• [WORK REQUEST] The answer must be an exact copy of every entry.

=== GIVEN RECORDS ===

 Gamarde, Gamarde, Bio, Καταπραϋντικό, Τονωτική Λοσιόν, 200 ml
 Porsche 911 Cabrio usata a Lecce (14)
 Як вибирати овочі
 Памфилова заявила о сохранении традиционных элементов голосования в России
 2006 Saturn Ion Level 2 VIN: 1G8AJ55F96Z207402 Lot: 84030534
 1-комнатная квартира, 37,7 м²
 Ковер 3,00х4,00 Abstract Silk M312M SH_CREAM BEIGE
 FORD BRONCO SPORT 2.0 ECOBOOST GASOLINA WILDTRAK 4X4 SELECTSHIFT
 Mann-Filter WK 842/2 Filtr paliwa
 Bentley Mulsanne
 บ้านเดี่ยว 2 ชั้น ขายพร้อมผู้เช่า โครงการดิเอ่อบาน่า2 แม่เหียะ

===

• [FINISHED TASK]
 Gamarde, Gamarde, Bio, Καταπραϋντικό, Τονωτική Λοσιόν, 200 ml
 Porsche 911 Cabrio usata a Lecce (14)
 Як вибирати овочі
 Памфилова заявила о сохранении традиционных элементов голосования в России
 2006 Saturn Ion Level 2 VIN: 1G8AJ55F96Z207402 Lot: 84030534
 1-комнатная квартира, 37,7 м²
 Ковер 3,00х4,00 Abstract Silk M312M SH_CREAM BEIGE
 FORD BRONCO SPORT 2.0 ECOBOOST GASOLINA WILDTRAK 4X4 SELECTSHIFT
 Mann-Filter WK 842/2 Filtr paliwa
 Bentley Mulsanne
 บ้านเดี่ยว 2 ชั้น ขายพร้อมผู้เช่า โครงการดิเอ่อบาน่า2 แม่เหียะ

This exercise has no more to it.